Given a natural number $n$ and real number value for $x$ and $W$, what process can I use to assign a random value to each $w_i$, such that (1) and (2) remain true?

To clarify what I mean by random, I am thinking of a function which returns a value in the interval $[0, 1]$ similar to the .NextDouble() method in the Random class (And yes, I know this is pseudo-random and not truly random).

Example:

For $n$ = 3, $W$ = 1 and $x$ = 1 one possible solution is:

$w_1$ = 0.22 $w_2$ = 0.43 $w_3$ = 0.35

Since $w_1 + w_2 + w_3 = 0.22 + 0.43 + 0.35 = 1 = W$ and $w_1$, $w_2$ and $w_3$ are in the interval $[0,1]$

  • 1
    Wait so $w_i$ already has between $[0,x]$ liters of water before we add the extra W? Or it can only hold between $[0,x]$ liters of water. – Tony Hellmuth May 30 '18 at 03:34
  • The buckets are empty to begin with and each one can only hold between $[0,x]$ litres of water. – interrupt0 May 30 '18 at 03:41
  • But then as long as $W/n \le x$ we can always fill the buckets with probability 1? – Tony Hellmuth May 30 '18 at 03:47
  • Have you ever seen the problem of breaking a stick into three pieces, and finding the probability that a triangle can be formed from the pieces? This seems like that. Perhaps you could just assign amount of water randomly, then throw away all data sets such that there exists at least one $i$ for which $w_i>x$? Then work within the confines of your 'sifted' set? I'm spitballing. – The Count May 30 '18 at 03:48
  • Also, this is such a basic idea, yet I am astonished how hard it is to formulate in a rigorous way. – The Count May 30 '18 at 03:49
  • I'm not really sure how the stick problem relates to the question. Could you explain it a bit more? – interrupt0 May 30 '18 at 04:09
  • As for assigning the water randomly, I don't think it would satisfy (1) but even if it did, I would potentially have to do this for a very large number of buckets so I don't think that would be the best idea. It is weird how conceptually simple the problem is yet it is so hard to answer. :/ – interrupt0 May 30 '18 at 04:13
  • 1
    When people say they want a "process" to assign "random" values, they can mean few different things. By "process", do you just mean an algorithm, or do you specifically want to compute $w_1$, then $w_2$, and so on in sequential order in a single pass? By "random", do you mean only that there should be a different solution every time even if some possible solutions are never generated, or that there should be a nonzero probability to generate every possible solution, or even more strongly that every possible solution should have an equal (i.e. uniform) probability of being generated? –  May 30 '18 at 04:49
  • For example, here's a solution for the most lax requirements: Randomly pick an empty bucket. Fill it with as much water as you can. Repeat until you run out of water. –  May 30 '18 at 05:26
  • Sorry @Rahul that was a bit vague. I am looking for an algorithm (preferably as efficient as possible) that can generate every possible solution with a uniform probability. – interrupt0 May 30 '18 at 21:34

4 Answers4

1

As clarified in the comments, you want to uniformly sample the set of all points $\vec w = (w_1,\dots,w_n)$ such that $$w_1+\dots+w_n = W,\\ 0\le w_i\le x\ \text{for all $i=1,\dots,n$.}$$

Here are two possibilities.

  1. You can use rejection sampling: Uniformly generate a point satisfying $w_1+\dots+w_n=W$, $0\le w_i\ \forall i$; if it violates the capacity constraint $w_i\le x$ for any $i$, reject it and try again.
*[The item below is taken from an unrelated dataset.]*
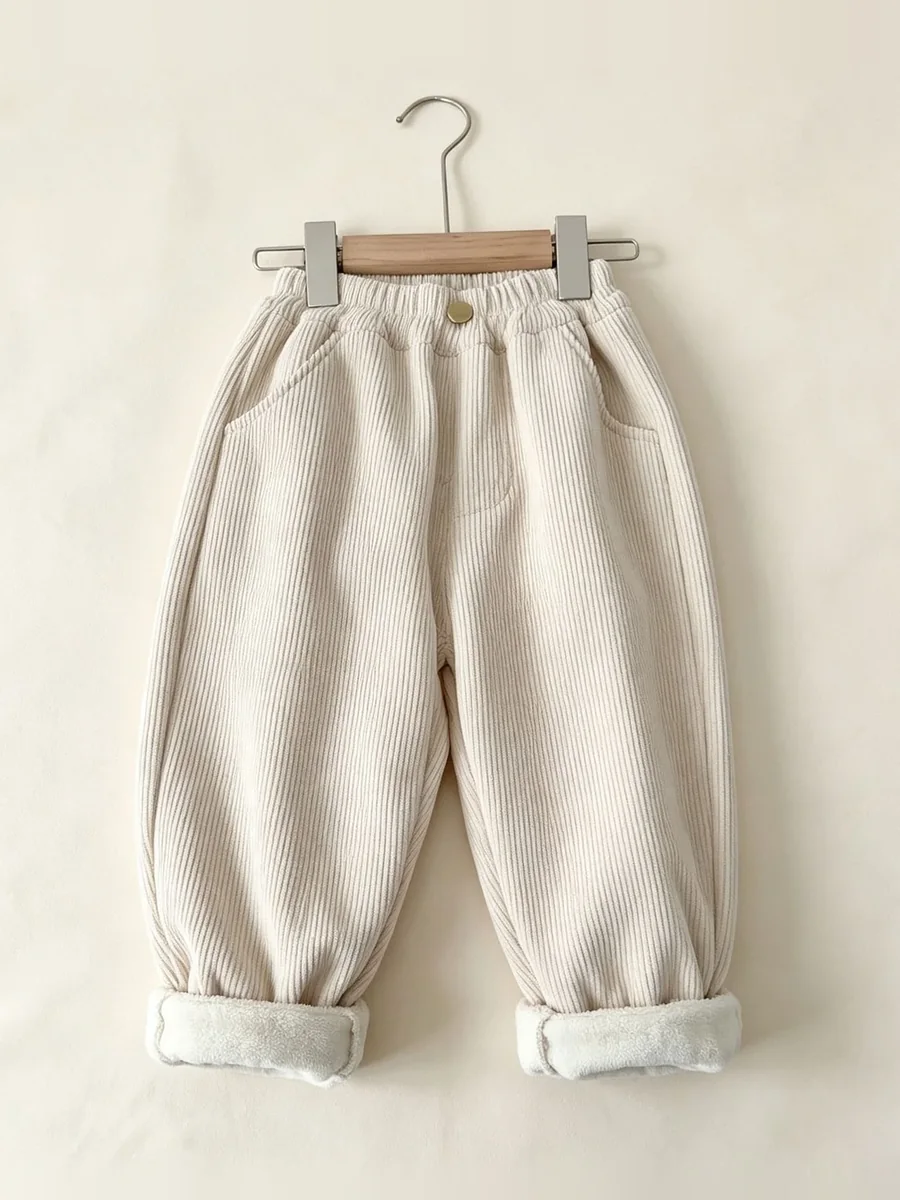 The fleece-lined cord trousers in cream, on a hanger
    The first step can be done easily by generating $n-1$ uniform random numbers between $0$ and $W$, sorting them so they are $s_1,\dots,s_{n-1}$ in increasing order, and setting $w_1=s_1-0$, $w_2=s_2-s_1$, . . . , $w_n = W-s_{n-1}$. This is the stick-breaking model alluded to by The Count, since it is equivalent to breaking a stick of length $W$ into $n$ pieces by making cuts at locations $s_1,\dots,s_{n-1}$.

    Rejection sampling is guaranteed to give you a uniform distribution, but the downside is that you may have to try many many times before obtaining a valid sample, especially if $x\ll W$.

  2. Tim Seguine on MathOverflow recommends hit-and-run sampling: Start at an arbitrary point $\vec w$ inside your set; pick a direction $\vec d$ uniformly at random; find the range of values $t$ for which $\vec w+t\vec d$ lies in the set; pick a $t$ uniformly at random from this range; replace $\vec w$ with the new point $\vec w+t\vec d$ and repeat. (This is essentially Seguine's description with the variables renamed.)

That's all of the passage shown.